Real actual MTW, not THHN-THWN-MTW-RAT-DUM or any of the multi-purpose types that don't hold when they're formed like actual MTW does. 

I haven't seen a lot of difference between brands but I have seen a huge difference in what it's actually rated for. Straight MTW is best by far.


----------



## RePhase277 (Feb 5, 2008)

Anything you get from Southwire or Encore is going to be superior to any Chinese cheapo stuff you get at a discount.

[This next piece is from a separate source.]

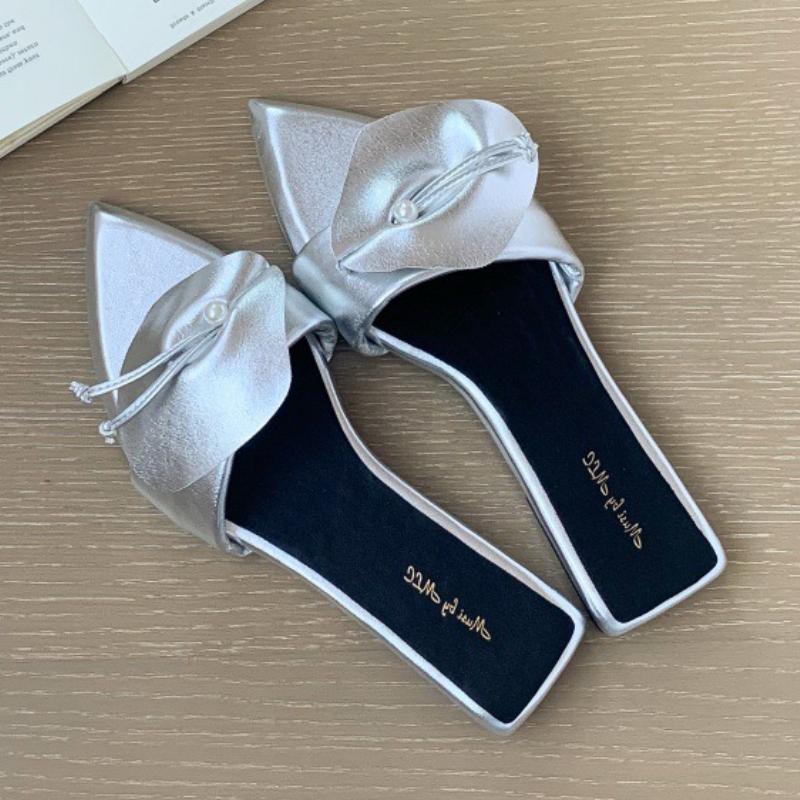 

Fashion Fashion Flower String Bead Decoration Flat Slippers Women Sexy Open Toe Non Slip Designer Slipper Comfort Soft Sole Beach Sandal 39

Since you're here, let me rant a bit about the wire lengths on photocells. I know your product isn't a photocell, but it is basically in the same ballpark. I think the tails should be at least a foot long, instead of the 2 microns most come with. I get that a lot of photocells get mounted to bell boxes and the tap is made right there, but there are times when it is convenient to put one at the end of a nipple or conduit body and it would be nice to have longer wires.


----------



## macmikeman (Jan 23, 2007)

I cut up some old Pepsi cola quart bottles and stacked them in the back yard in order to save pieces of hookup wire for re-use on jobs. Those of you who don't are probably loosing thousands or millions of dollars in the long run.


----------



## RePhase277 (Feb 5, 2008)

macmikeman said:


> I cut up some old Pepsi cola quart bottles and stacked them in the back yard in order to save pieces of hookup wire for re-use on jobs. Those of you who don't are probably loosing thousands or millions of dollars in the long run.

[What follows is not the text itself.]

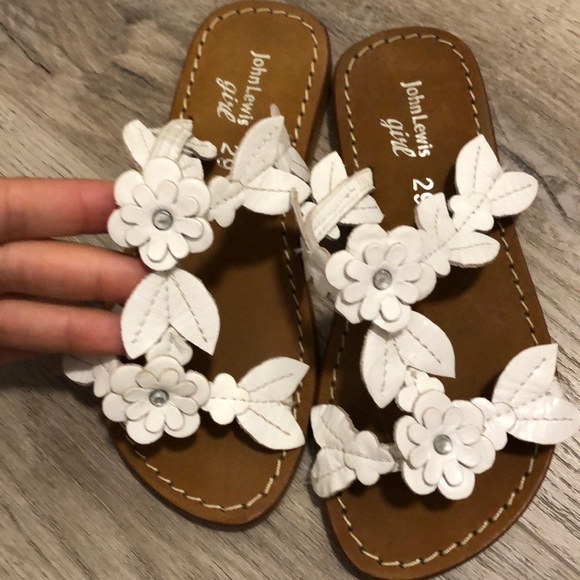 Stunning sandals - Picture 2 of 3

The only problem with that is Pepsi.


----------



## MikeFL (Apr 16, 2016)

RePhase277 said:


> Anything you get from Southwire or Encore is going to be superior to any Chinese cheapo stuff you get at a discount.
> 
> Since you're here, let me rant a bit about the wire lengths on photocells. I know your product isn't a photocell, but it is basically in the same ballpark. I think the tails should be at least a foot long, instead of the 2 microns most come with. I get that a lot of photocells get mounted to bell boxes and the tap is made right there, but there are times when it is convenient to put one at the end of a nipple or conduit body and it would be nice to have longer wires.

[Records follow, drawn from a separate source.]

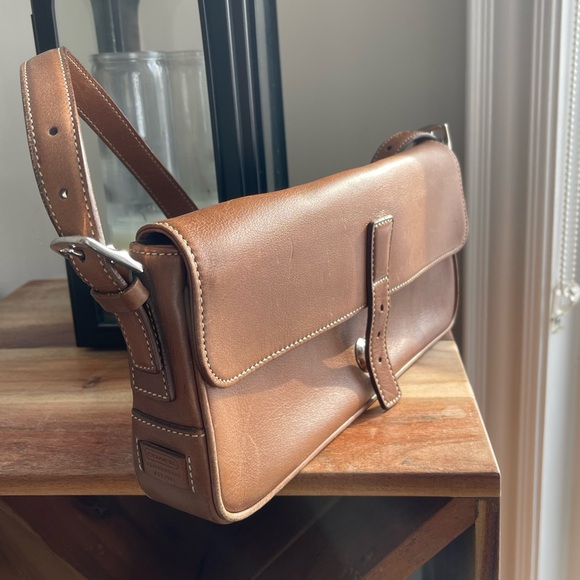Vintage Coach Saddle Brown Hampton Leather Shoulder Bag - Adjustable Strap - Picture 14 of 16
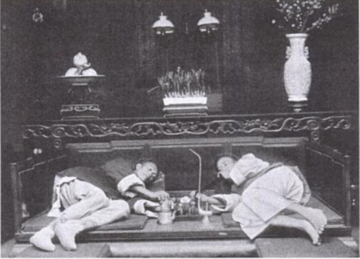 Palacze opium. Chiny, 1902 r.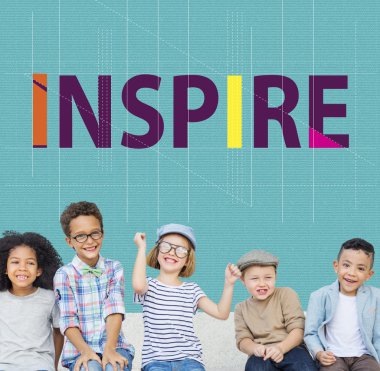 Çocuklar gülüyor ve eğlenin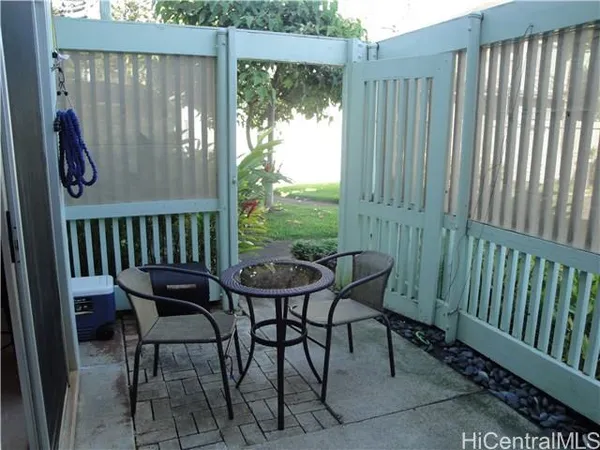 $2,500 | 95-1044 ʻĀinamakua Drive, Unit F, Mililani, HI 96789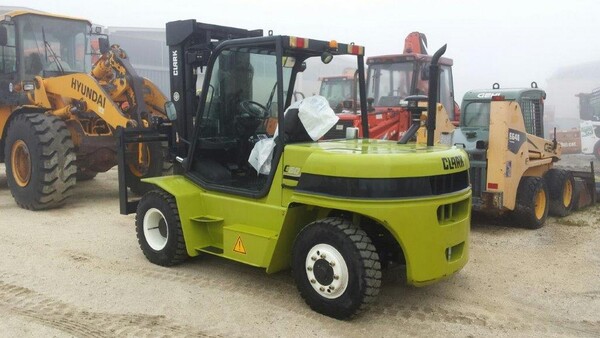 1#6428 Carrello elevatore Clark in vendita - foto 3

That's what I was looking for. Thank you.

The shortest we've ever shipped on a wire-in device is 12" after the NPT thread. I've offered our customers longer whips and they say not necessary. I'm going to go to 18" anyway, and they can cut off what they don't need. If a customer wants custom lengths we can do that too but we're going to make our standard 18" or more. 

We'll stick with Southwire. It costs more than we can get other wire for but that's ok. We spend money on quality for a reason. Made in USA for a reason.

Thanks again.


----------



## MikeFL (Apr 16, 2016)

Helmut said:


> Mike, what's a hook up wire?


Sold as THHN but dual purpose as THWN which is the standard we use.


----------



## emtnut (Mar 1, 2015)

MikeFL said:


> Sold as THHN but dual purpose as THWN which is the standard we use.


I'm with micromind on this one. MTW or TEW is usually what I'd call hook up wire. MTW is often called AWM (appliance wiring material)
When I was working for a manufacturer building panels and devices, that's what we always used.
Belden was our go to brand... expensive, but worth it IMO.

This info is dated (30 yrs ago !) but we tried Carol cable one time because it was quite a bit cheaper ... The insulation was a real pain to strip off. Hopefully they have improved by now.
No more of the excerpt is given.